By the early 1700’s, however, it became apparent that the British (another colonial power in North America) had designs on New France. Accordingly, in 1726, the French began the construction of the present Fort Niagara on the site of the previous forts. This time, they built for permanence. The first building the French erected at Fort Niagara was a heavily-fortified stone chateau, which remains today and is called the “French Castle”. It was a self-contained fort in and of itself. The French later expanded Fort Niagara, adding other buildings and massive earthworks, but these efforts did them little good in the end. During the so-called “French and Indian Wars” of the 1750’s – a series of bloody battles fought in many parts of the Northeast – the British managed to wrest control of much of the continent away from France. Britain gained control of the Niagara region July 26, 1759, when the French surrendered Fort Niagara after a two-week siege.
Although the British occupied Fort Niagara the Iroquois were still a major power in the region. The Five Nations had become the Six Nations. In the early 1720’s, the Tuscarora nation had been driven out of their native Carolinas by European settlers. They migrated to the Niagara area, where they became “little brothers” of the League of Peace. The British remained in Fort Niagara, however, and by the time the American Revolution ended they had gained total control over the region. The Six Nations were divided over the Revolution, and those who had sided with the British were devastated by a vengeful US Government. The power of the League was shattered. During the years of the Revolution, the British had used Fort Niagara as a base for military raids into the rebelling colonies.
The Niagara area remained entirely in the possession of the British Crown until 1796. In that year, the new US government (in accordance with the Jay Treaty) took possession of the eastern shores of the Niagara River, while the British crossed over to remain in control of the western shores. A few small communities existed on both sides of the river by the end of the American Revolution, but their growth was slow. Few persons came to Niagara over the next few years. The War of 1812 had a disastrous effect on the region. Battle after battle raged across the Niagara Frontier. Villages and settlements on both sides of the new border were burned to the ground. The war was particularly cruel to the residents of the region because many of them had relatives and friends on both sides of the border. When the war ended in 1815, settlements and villages were re-established and began to grow.

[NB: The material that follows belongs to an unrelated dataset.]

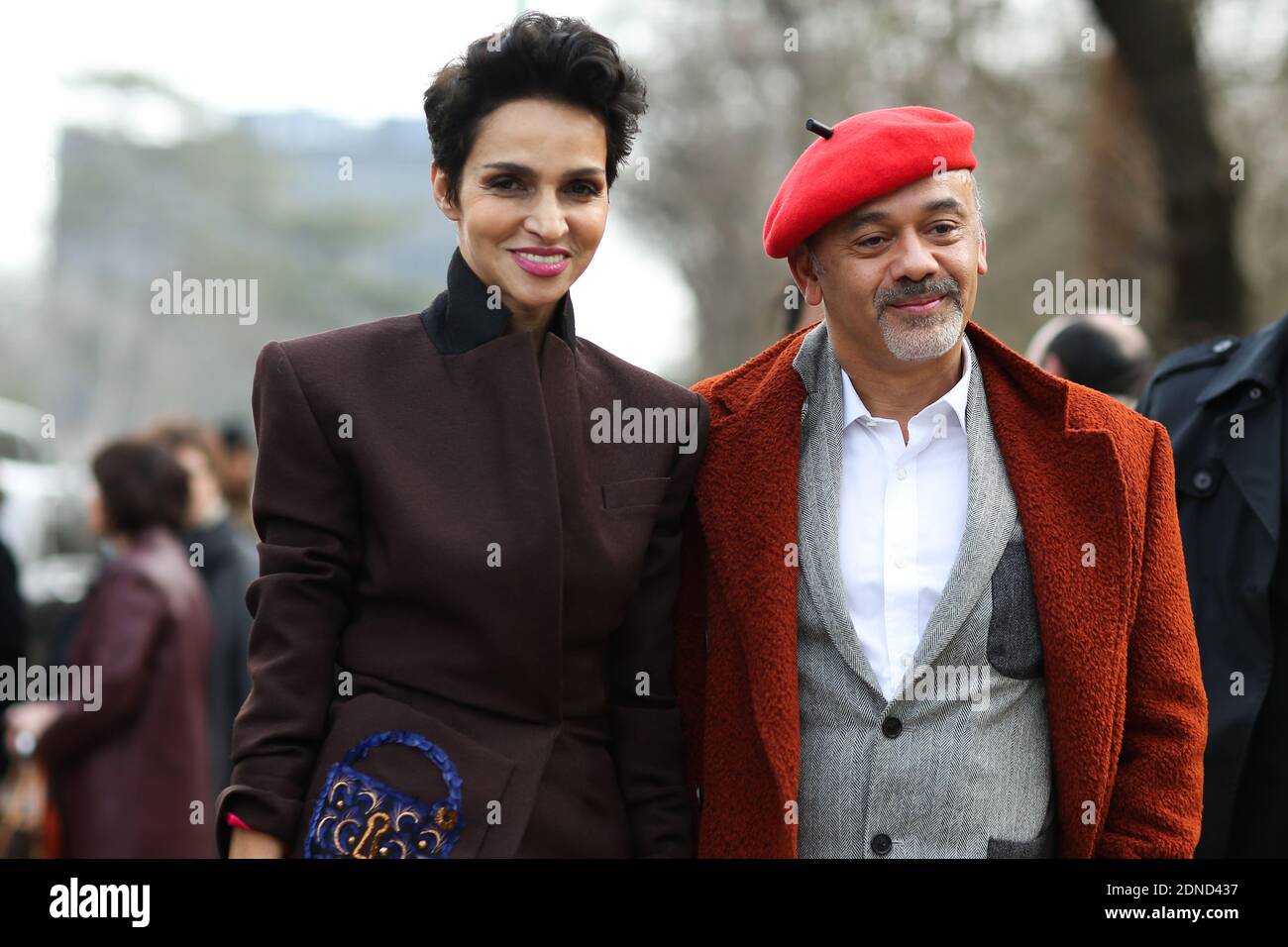 Farida Khelfa and Christian Louboutin arriving for the Louis Vuitton  Fall-Winter 2015/2016 Ready-To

Niagara was (and is) a fertile land, with a climate suitable for the cultivation of many food crops. Many farms sprang up across the region. By that time, some persons had begun to see the potential of Niagara Falls as an attraction. A number of artists had sketched and painted the Falls, and copies of their works appeared in homes and public buildings throughout North America and Europe. Niagara became increasingly famous, and the number of visitors to the area rose each year.
Two marvels of engineering made Niagara accessible to the world during the second quarter of the 19th century. The first was the Erie Canal (completed in 1825), which connected the Hudson River with Lake Erie. It quickly became part of a heavily-traveled water transportation route between the Atlantic Ocean and Great Lakes. The second engineering marvel was the Roebling Suspension Bridge over the Niagara Gorge, which was opened in 1855. Superseding a light carriage bridge that had been built in 1848, the Roebling Bridge (named for the family of engineers who later built the Brooklyn Bridge) was a massive structure that carried traffic on two levels – rail traffic above and carriages below. The railroad level of the bridge connected the East Coast and the growing western cities of Detroit and Chicago by the shortest possible route. The Niagara region became a busy center for shipping and commerce. By water and by rail, the flow of goods and travelers moving through the area increased year by year.

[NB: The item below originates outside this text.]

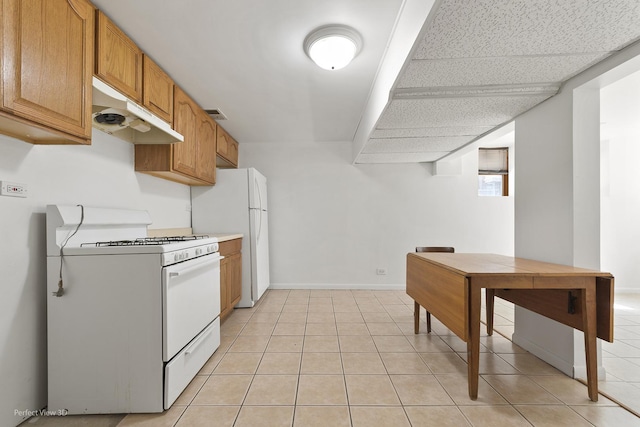 kitchen featuring white appliances, under cabinet range hood, light countertops, and light tile patterned flooring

Niagara’s new accessibility encouraged a growing number of travelers to visit for the specific purpose of seeing the falls. The American Civil War put a damper on tourism. Niagara was untouched by the battles that desolated many American communities, but the region was not unaffected by the war and the issues surrounding it. Many local men died on the battlefields. Even before the Civil War, the Niagara Frontier had been involved in the bitter dispute over the existence of slavery in the United States. The area was a northern terminus of the Underground Railway. By night the Niagara River was a dangerous place, where professional slave catchers patrolled the waters trying to snare locals who smuggled escaped slaves to freedom in Canada. Many of the old houses along the lower Niagara River still have secret cellars and tunnels that were used to hide the slaves until it was safe to move them. When the Civil War ended, the pattern of tourism and commerce was gradually restored. More people came to Niagara than ever before.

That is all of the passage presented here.